Mapping the Invisible: Visualizing Earth’s Magnetosphere with Python

Imagine trying to map a massive, invisible ocean of electricity surrounding our planet. That is exactly what NASA’s IMAGE mission set out to do using the Radio Plasma Imager (RPI). Instead of using visible light, the RPI acts like a long-range "cosmic sonar," sending powerful radio pulses into the Earth's magnetosphere.

By measuring how these pulses bounce off clouds of charged particles (plasma), scientists can "see" the structure of space weather that is normally hidden from our eyes.
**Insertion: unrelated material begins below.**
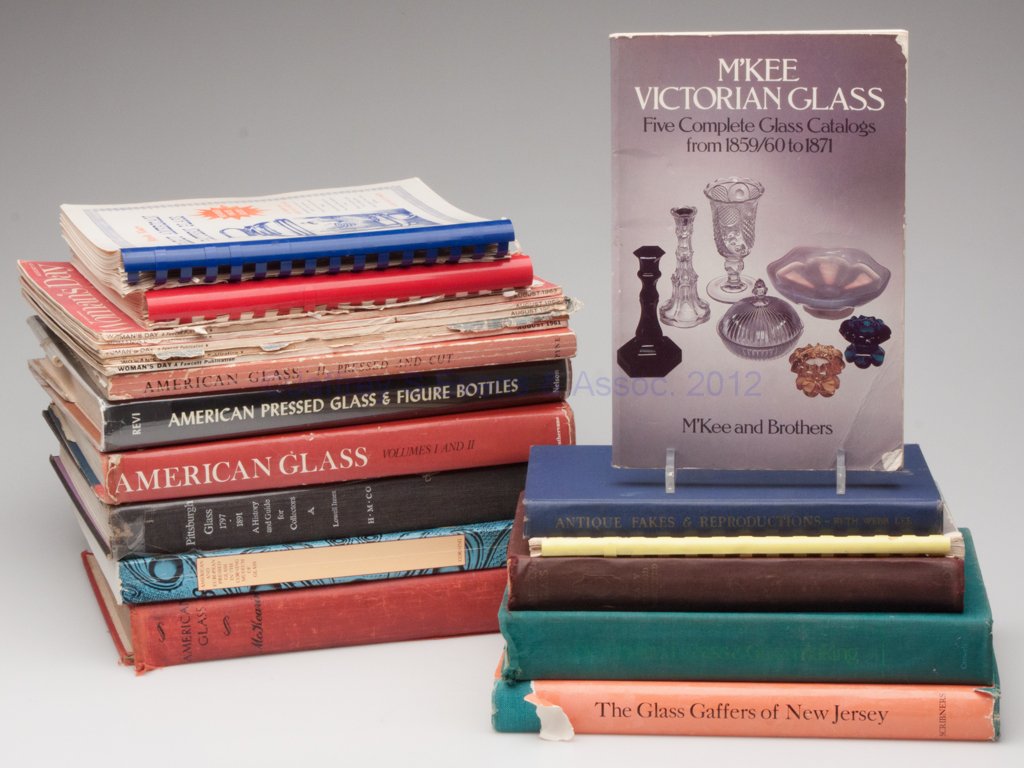 AMERICAN GLASS REFERENCE VOLUMES, LOT OF 19: AMERICAN GLASS REFERENCE VOLUMES, LOT OF 19, including "Pittsburgh Glass 1797-1891" by Innes; New England Glass & Glassmaking" by Wilson; "The Glass Gaffers of New Jersey" by Pepper; and "Antique Fake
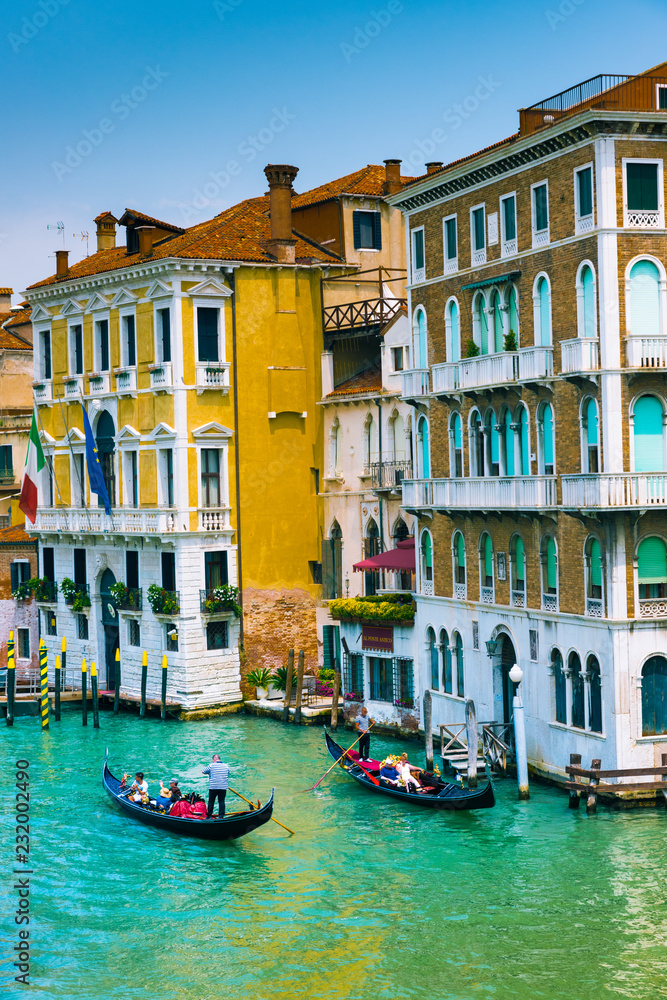 Fototapeta premium Venecia, Venezia una bela ciudad turística y cultural.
In this post, we’re going to use Python to take raw RPI sounding data and reconstruct a 2D map of these plasma densities, revealing the dense "inner shell" of our planet's atmosphere.

import numpy as np
import matplotlib.pyplot as plt

# --- PHYSICS CALCULATIONS ---
def get_electron_density(freq_hz):
    """
    Applies the Plasma Frequency formula: f_p ≈ 9000 * sqrt(Ne).
    Returns density in electrons per cubic centimeter (e-/cc).
    """
    return (freq_hz / 9000)**2

def get_cartesian_coords(dist_re, angle_deg):
    """Converts polar satellite data to X-Y coordinates."""
    rad = np.radians(angle_deg)
    return dist_re * np.cos(rad), dist_re * np.sin(rad)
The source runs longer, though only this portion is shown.